When Another Gay Movie started screening in 2006, gay audiences were either appalled or delighted by the gay take on the “gross-out” comedy genre.
Like a gay American Pie, here was a group of gay teens competing to lose their “a-cherries” and discovering a world of cucumbers, net hook-ups and even “Belgian chocolate”.
“People either seem to love it or be really offended by it,” writer-director Todd Stephens told Queensland Pride.
“I set out to make films that allow us to laugh at ourselves, and not everybody is ready to laugh at themselves. I understand that, but I think it’s time to move beyond coming out and angsty movies about struggling with ourselves.”
Stephens said he was inspired to write AGM after a previous feature, Gypsy 83, struggled to get distribution because it “wasn’t gay enough”.
“I got a little angry and I thought ‘ok, if they want something gay, my next movie is going to be the gayest movie ever made’.”
Stephens says AMG and its new sequel, Another Gay Sequel, were strongly influenced by the gross-out surrealism of John Waters (Pink Flamingoes, Hairspray) and the commercial teen comedies of John Hughes (The Breakfast Club) as well as “a million different pop culture movie and TV references from Dawn of the Dead to The Brady Bunch”.
The first thing audiences will notice of Sequel is that three of the four leads are no longer played by the same actors, a fact that’s cleverly referenced early on.
“Two of the guys from the original dropped out right before we made the movie because their agents staged an intervention and ganged up on them,” Stephens says.
“Some of these actors are gay in real life but are not out. It’s sad and disturbing, but I understand how it’s difficult to be an actor, and the fear of being typecast is very real.”
There were no such fears for Jonah Blechman, who reprises his role as Nico, the campest of the quartet.
Says Blechman: “I played a queer character in my first film, This Boy’s Life, and at the time there weren’t a lot of out queer characters. My agents all told me not to do something that was queer. I feel it stopped a lot of work for me, but over the years it seemed holding that level of fear about queer characters was not letting me do work I’m probably here to do.”
Though one critic claimed Sequel ends with a “renunciation of casual sex”, director Stephens sees the film’s message differently.

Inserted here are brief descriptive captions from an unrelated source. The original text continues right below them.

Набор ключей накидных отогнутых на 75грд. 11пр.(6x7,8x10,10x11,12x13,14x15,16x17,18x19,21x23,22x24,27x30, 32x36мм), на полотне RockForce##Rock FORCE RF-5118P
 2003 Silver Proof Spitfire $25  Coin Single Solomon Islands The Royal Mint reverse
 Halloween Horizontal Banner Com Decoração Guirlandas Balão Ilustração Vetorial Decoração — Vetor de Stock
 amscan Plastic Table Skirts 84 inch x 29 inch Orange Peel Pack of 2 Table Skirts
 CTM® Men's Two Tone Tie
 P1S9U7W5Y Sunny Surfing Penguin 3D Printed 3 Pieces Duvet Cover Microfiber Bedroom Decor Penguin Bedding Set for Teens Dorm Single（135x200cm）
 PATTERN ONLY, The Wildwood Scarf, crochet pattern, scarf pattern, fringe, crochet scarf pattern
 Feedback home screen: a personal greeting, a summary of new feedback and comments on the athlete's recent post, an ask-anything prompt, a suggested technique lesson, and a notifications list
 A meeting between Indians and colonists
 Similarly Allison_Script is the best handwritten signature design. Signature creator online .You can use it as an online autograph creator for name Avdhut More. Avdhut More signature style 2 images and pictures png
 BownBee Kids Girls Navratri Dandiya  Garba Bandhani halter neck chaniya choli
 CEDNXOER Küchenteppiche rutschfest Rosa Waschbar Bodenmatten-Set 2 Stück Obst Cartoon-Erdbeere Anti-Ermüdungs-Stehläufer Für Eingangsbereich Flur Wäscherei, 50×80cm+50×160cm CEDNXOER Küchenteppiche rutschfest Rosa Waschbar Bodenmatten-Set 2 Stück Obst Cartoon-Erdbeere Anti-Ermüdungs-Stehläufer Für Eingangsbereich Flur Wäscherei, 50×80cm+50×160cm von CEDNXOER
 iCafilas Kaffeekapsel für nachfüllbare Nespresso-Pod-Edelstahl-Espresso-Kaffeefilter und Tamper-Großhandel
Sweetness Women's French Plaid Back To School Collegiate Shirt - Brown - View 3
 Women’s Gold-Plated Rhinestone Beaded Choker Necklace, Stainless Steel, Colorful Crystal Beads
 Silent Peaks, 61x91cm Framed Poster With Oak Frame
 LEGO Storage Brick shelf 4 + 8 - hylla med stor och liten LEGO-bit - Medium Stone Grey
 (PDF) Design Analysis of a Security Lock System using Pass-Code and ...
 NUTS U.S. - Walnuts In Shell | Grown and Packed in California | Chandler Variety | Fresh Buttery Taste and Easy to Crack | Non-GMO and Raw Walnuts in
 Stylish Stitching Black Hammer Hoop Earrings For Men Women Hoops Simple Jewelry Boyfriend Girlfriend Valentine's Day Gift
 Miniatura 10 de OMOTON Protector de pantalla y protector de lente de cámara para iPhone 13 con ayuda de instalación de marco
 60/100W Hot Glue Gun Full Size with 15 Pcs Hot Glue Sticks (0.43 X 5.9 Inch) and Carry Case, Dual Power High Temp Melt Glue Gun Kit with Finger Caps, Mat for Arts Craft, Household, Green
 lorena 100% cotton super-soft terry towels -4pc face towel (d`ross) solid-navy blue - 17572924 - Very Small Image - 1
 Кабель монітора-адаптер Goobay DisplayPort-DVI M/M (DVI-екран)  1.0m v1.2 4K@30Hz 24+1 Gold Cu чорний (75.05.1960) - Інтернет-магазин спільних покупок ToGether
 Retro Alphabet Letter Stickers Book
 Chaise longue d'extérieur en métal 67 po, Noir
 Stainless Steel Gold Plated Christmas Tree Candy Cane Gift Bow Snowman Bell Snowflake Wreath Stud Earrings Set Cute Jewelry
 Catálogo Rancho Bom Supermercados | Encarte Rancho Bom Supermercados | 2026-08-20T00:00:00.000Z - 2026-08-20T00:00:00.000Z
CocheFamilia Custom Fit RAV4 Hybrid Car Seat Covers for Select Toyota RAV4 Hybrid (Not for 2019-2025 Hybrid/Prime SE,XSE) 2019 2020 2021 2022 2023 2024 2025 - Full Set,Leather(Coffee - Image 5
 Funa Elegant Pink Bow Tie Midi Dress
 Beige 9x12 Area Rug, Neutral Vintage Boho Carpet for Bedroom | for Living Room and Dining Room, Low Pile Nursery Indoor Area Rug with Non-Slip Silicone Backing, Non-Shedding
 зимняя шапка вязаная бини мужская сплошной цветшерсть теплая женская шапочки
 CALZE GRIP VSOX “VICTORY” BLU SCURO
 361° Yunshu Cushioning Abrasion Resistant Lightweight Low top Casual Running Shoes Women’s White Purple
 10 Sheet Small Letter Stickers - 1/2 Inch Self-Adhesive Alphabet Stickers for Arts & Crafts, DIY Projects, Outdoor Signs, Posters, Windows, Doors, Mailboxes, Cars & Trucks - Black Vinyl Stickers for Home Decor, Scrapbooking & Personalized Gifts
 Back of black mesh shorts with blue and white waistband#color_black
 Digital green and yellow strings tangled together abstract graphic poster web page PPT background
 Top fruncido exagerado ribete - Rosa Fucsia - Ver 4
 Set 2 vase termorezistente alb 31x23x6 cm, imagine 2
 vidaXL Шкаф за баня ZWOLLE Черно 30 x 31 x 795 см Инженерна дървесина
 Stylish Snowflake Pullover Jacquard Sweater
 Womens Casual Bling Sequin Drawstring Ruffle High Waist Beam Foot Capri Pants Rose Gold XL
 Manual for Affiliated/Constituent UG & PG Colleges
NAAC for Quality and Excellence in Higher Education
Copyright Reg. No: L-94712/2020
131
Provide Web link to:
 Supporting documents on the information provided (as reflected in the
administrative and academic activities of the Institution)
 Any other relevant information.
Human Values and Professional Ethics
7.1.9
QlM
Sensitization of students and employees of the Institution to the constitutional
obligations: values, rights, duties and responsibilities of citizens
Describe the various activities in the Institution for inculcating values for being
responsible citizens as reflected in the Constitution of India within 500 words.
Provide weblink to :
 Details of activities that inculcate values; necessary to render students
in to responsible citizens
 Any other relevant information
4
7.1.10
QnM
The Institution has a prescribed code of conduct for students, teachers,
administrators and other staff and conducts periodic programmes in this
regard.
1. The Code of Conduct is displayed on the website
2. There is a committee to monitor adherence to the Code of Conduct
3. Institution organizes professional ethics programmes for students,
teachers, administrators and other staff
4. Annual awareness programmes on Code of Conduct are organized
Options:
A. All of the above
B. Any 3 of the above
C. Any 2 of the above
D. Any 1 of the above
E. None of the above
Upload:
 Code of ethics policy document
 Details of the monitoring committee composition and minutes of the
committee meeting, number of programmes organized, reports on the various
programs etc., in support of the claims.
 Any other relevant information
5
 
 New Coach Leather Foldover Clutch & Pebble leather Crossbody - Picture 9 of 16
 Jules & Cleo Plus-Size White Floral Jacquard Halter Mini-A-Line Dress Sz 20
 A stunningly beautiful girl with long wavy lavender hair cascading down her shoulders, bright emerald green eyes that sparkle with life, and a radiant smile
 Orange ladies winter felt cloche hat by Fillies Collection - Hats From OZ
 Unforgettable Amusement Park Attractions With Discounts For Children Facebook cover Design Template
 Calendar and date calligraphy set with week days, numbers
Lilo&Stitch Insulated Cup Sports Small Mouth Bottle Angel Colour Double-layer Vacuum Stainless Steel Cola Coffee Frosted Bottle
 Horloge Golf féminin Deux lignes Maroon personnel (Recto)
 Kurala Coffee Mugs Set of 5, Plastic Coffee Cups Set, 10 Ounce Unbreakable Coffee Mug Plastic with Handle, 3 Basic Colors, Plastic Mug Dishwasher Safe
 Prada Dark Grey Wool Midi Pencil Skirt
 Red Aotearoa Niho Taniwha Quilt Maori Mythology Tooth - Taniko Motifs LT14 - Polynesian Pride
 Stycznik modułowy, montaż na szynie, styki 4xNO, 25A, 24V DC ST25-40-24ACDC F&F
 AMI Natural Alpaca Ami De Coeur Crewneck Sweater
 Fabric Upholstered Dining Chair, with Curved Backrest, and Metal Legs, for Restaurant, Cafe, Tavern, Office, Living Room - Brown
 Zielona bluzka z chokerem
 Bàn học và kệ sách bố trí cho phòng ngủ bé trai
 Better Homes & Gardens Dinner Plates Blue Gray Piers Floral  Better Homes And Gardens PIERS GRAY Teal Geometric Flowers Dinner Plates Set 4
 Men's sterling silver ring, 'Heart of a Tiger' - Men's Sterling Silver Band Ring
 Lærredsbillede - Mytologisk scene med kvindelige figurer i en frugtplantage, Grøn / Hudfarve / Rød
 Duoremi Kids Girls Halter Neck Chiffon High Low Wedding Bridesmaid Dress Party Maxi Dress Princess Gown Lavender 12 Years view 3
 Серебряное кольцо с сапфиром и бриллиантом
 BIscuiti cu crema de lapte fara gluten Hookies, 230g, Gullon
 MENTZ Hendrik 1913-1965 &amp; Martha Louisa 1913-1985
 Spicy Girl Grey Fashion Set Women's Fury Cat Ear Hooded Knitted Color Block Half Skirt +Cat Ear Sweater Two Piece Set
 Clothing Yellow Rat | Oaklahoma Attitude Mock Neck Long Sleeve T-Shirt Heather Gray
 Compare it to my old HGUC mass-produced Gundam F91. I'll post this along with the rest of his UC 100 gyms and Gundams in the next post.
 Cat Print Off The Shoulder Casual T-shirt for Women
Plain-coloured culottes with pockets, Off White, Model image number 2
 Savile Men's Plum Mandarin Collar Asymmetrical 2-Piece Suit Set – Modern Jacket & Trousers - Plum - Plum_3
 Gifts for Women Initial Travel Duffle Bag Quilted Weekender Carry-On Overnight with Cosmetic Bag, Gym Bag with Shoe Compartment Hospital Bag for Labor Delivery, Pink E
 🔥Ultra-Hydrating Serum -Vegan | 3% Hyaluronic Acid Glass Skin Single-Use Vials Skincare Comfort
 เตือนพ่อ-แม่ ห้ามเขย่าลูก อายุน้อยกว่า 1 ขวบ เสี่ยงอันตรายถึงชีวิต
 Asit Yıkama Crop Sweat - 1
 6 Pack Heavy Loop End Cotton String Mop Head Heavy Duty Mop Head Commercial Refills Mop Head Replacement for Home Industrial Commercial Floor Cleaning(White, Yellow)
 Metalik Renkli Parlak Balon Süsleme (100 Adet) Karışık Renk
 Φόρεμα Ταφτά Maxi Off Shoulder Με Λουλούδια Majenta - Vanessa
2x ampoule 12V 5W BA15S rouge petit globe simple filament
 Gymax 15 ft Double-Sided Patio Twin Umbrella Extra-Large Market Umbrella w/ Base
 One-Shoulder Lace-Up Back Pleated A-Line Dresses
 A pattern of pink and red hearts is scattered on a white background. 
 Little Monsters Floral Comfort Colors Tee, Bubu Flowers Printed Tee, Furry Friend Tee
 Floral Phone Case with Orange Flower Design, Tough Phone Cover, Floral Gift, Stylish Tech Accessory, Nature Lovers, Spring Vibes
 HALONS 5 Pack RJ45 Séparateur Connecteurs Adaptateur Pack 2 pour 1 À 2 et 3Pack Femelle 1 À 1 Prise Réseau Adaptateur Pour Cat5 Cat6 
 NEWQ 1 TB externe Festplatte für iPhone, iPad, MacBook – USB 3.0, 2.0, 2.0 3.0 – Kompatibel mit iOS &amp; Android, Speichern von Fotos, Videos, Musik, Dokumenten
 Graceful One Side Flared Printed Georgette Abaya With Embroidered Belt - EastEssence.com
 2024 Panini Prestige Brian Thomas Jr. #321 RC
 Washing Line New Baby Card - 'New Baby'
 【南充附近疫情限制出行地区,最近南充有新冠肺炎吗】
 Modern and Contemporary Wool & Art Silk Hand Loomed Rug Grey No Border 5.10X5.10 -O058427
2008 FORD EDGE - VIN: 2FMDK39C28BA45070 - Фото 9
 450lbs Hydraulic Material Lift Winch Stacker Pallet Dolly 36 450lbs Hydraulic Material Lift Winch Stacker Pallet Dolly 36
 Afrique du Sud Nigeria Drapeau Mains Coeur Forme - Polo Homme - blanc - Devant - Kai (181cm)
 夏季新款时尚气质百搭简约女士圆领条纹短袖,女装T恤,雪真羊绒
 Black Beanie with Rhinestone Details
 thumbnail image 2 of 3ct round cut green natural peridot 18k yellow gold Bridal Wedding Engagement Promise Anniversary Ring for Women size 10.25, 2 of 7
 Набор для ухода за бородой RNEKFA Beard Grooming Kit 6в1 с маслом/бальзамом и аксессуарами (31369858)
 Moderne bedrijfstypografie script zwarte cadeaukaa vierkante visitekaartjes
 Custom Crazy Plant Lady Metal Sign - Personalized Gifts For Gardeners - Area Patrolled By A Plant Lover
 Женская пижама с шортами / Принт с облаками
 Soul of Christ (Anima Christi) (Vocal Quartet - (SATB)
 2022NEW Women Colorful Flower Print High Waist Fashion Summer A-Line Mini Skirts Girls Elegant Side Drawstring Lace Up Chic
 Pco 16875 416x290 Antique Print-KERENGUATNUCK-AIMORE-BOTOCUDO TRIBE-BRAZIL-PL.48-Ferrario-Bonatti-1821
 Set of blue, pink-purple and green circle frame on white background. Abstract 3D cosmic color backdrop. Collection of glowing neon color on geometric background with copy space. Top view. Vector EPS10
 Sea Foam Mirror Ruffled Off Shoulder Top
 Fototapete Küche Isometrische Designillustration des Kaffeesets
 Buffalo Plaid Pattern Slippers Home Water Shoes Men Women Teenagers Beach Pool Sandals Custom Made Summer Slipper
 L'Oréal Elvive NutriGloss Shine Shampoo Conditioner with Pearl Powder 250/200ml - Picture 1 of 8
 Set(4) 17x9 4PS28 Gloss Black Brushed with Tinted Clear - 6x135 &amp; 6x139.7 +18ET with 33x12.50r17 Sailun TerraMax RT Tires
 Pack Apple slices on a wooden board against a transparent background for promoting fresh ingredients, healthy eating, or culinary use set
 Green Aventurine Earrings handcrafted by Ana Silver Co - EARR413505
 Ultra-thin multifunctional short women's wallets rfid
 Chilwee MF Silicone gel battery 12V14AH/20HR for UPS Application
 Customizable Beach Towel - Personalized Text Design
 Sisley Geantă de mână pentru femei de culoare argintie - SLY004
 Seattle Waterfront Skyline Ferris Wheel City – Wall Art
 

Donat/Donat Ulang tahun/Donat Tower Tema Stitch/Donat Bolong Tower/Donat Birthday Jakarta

“It’s a celebration of sex. I don’t see gay sex as something to be ashamed of, but there’s still a lot of gay people who don’t want the world to know what we do. I’ve been in a relationship for many years and it’s a question we all face: how do we incorporate casual sex in our lives? The film was about the characters finding out what’s right for them.”
Though Stephens’ plans on veering back to the dramatic for his next couple of projects, he says he already has the story planned for Another Gay Movie Strikes Back: Gays in Space.
“I’d love to do it someday. It’s like a gay Lost in Space meets Barbarella. It’s about a group of gay astronauts on a mission to find intelligent gay life in the universe.
“We’ll see. We’ll see.”
Another Gay Sequel is released on DVD on December 9.